Kabar retaknya hubungan Gubernur Sumatera Utara, Letjend. TNI. (Purn) Edy Rachmayadi dengan wakilnya Musa Rajekshah menjelang Pikada di Sumut tahun 2024 semakin jelas dan terang benderang, hal lumrah dalam wajah politik.Â
Dalam kapasitasnya sebagai Wakil Gubernur, Ijeck nama panggilan kecilnya saat ini menjadi ketua DPD Golkar Provinsi Sumatera Utara pada saat Pemilu tahun 2019 mendapat 15 kursi di DPRD Provinsi Sumatera Utara, sementara Edy Rachmayadi, secara senioritas pernah menjadi Pangdam II/BB yang tentunya tak bisa dipandang sebelah mata pula dikalangan keluarga TNI, meski TNI aktif tak punya hak pilih tetapi jaringan keluarga pasti punya andil. Masing-masing punya peluang besar untuk menjadi orang nomor satu di provinsi Sumatera Utara pada Pemilihan Gubernur Sumatera Utara 2024 masa jabatan 2024 – 2029.
Apa sebenarnya motivasi Edy Rachmayadi dan Musa Rajekshah pecah kongsi?
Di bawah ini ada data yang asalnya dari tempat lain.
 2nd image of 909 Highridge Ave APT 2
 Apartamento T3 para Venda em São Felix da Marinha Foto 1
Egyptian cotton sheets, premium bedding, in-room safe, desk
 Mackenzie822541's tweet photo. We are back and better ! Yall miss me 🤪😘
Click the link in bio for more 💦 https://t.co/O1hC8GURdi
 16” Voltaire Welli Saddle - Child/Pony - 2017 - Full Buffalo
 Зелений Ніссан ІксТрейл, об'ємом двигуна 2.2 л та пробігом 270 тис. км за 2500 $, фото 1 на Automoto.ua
Tentunya hanya mereka berdua yang mengetahui. Puncak kuasa telah mereka genggam di 2018, soal apakah janji sudah mereka laksanakan secara hukum dunia, tentunya pejabat terkait dan kompeten pula yang mampu menjawabnya. Selanjutnya semua kita kembalikan keurusan akhirat kelak
Tapi publik tentu punya alasan juga untuk menilai sang pemimpin dengan segala kurang dan lebihnya. Meski publik dihantui jawaban, “apa hak dan wewenang anda untuk menilai” seperti jawaban Edy Rachmayadi selaku Ketum PSSI saat ditanya jurnalis Aiman Witjaksono yang sedang live di Kompas TV soal meninggalnya suporter Persija, dirangkai dengan kesibukannya sebagai Gubernur Sumatera Utara, “apa urusan anda menanyakan itu”.
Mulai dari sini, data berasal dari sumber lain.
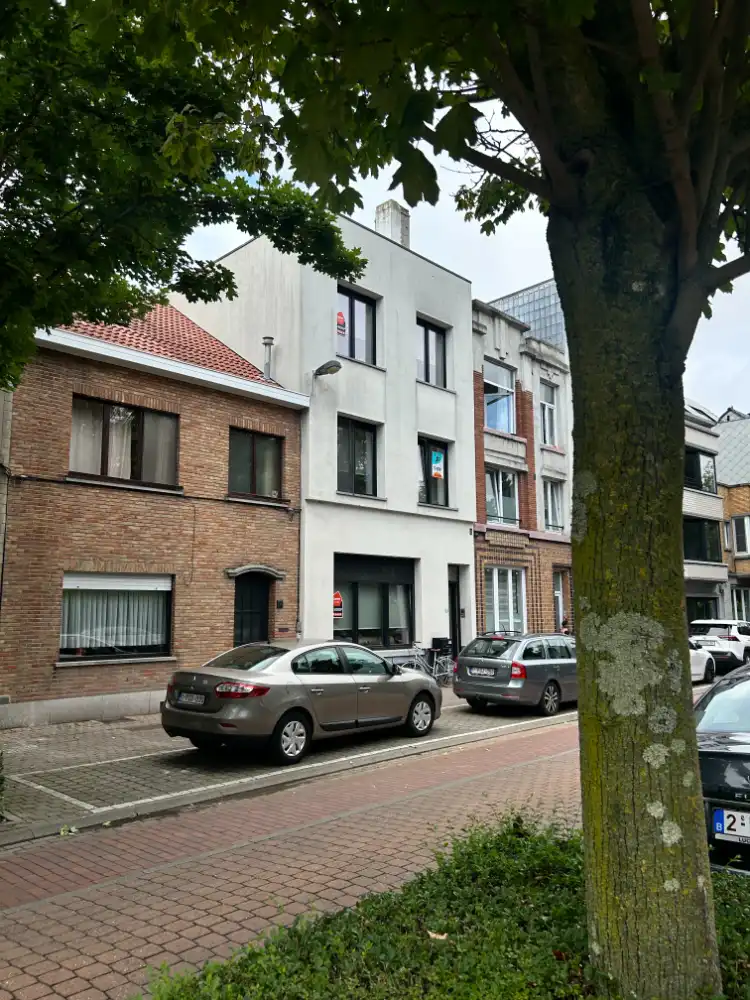 Gelijkvloers appartement met 2 slaapkamers in Oostende foto {{pictureIndex}}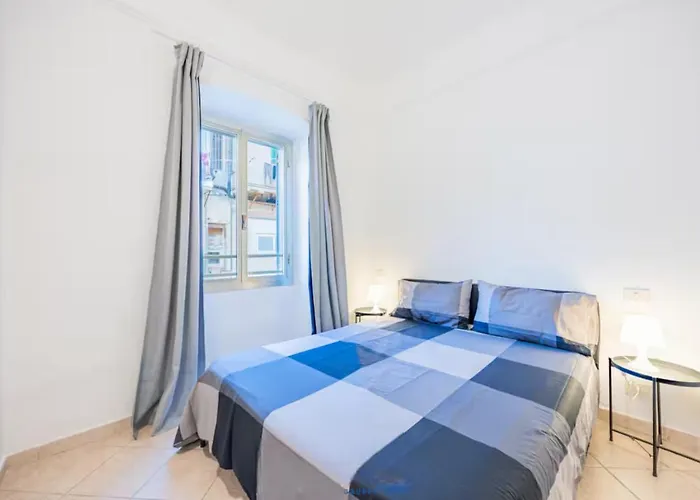 Casa Ariston - 10 Passi Dal Teatro Appartement *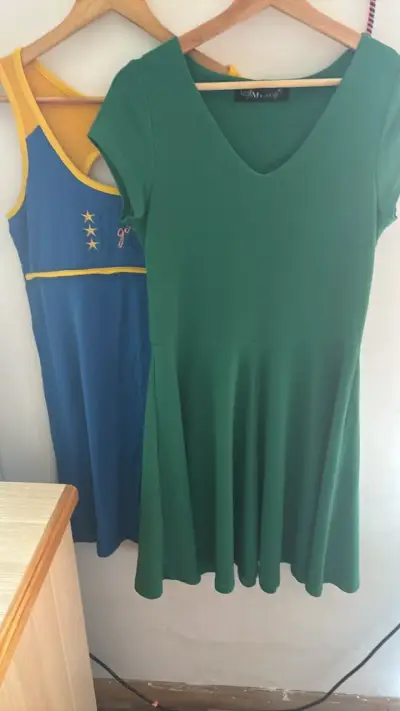 Vestidos variados - miniatura 3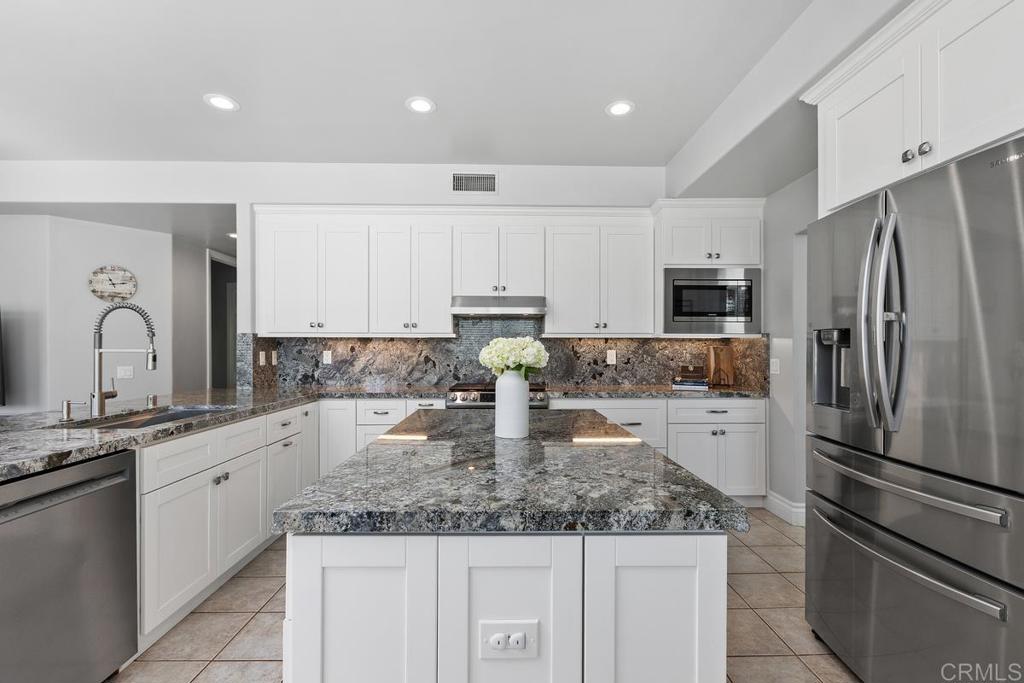 803 Legacy Drive - photo 11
Pemilihan pimpinan di daerah bukan sekedar tahta kuasa belaka tapi lebih kepada harta, yang bukan saja untuk partai pendukungnya tapi turun sampai ke perangkat aparaturnya. Nah pembahasan kali ini semakin menarik, kira-kira isu apalagi yang hendak dihembuskan? Sebab beberapa partai sudah kasak-kusuk untuk dukung mendukung pencalonan.
Tentunya kita semua berharap berdemokrasi jangan sampai mencederai, seperti halnya pola sentimen agama yang dibawa saat Pilkada DKI 2017 yang menjadi sejarah kelam, hitam dan paling brutal dalam sejarah demokrasi. Hingga urusan jenazahpun diultimatum akan diabaikan hanya karena beda pilihan.
Pesta demokrasi adalah sebuah pesta rakyat, bak sebuah hajatan ada hiburan dan penganan yang siap disantap. Pesta yang penuh dengan sukacita. saat deklarasi partai pendukung pencalonan ERAMAS di Lapangan Merdeka, Medan awal Januari 2018 mereka berjuang bersama untuk memimpin Sumatera Utara, tetapi menjelang 2024 sepertinya mereka tak sejalan lagi dalam perjuangan, visi dan misi. haruskah kebersamaan pendukungnya pecah dan larut dalam keributan karena beda pilihan? kita tak mengharapkan itu, siapapun. lewat kejadian ini kita harus belajar politik secara dewasa. bahwasanya dalam politik tidak ada musuh sejati dan lawan sejati.
Apapun sajiannya itu yang kita akan santap, jika punya rekam jejak jelek tak perlu dipilih. Sama halnya saat diri punya bibit Asam Urat di meja hidang prasmanan tersedia aneka kerupuk dan Emping, tentulah tak perlu mengambil Emping, cukup kerupuk yang lainnya, jika itupun tak ada lagi cukup tinggalkan.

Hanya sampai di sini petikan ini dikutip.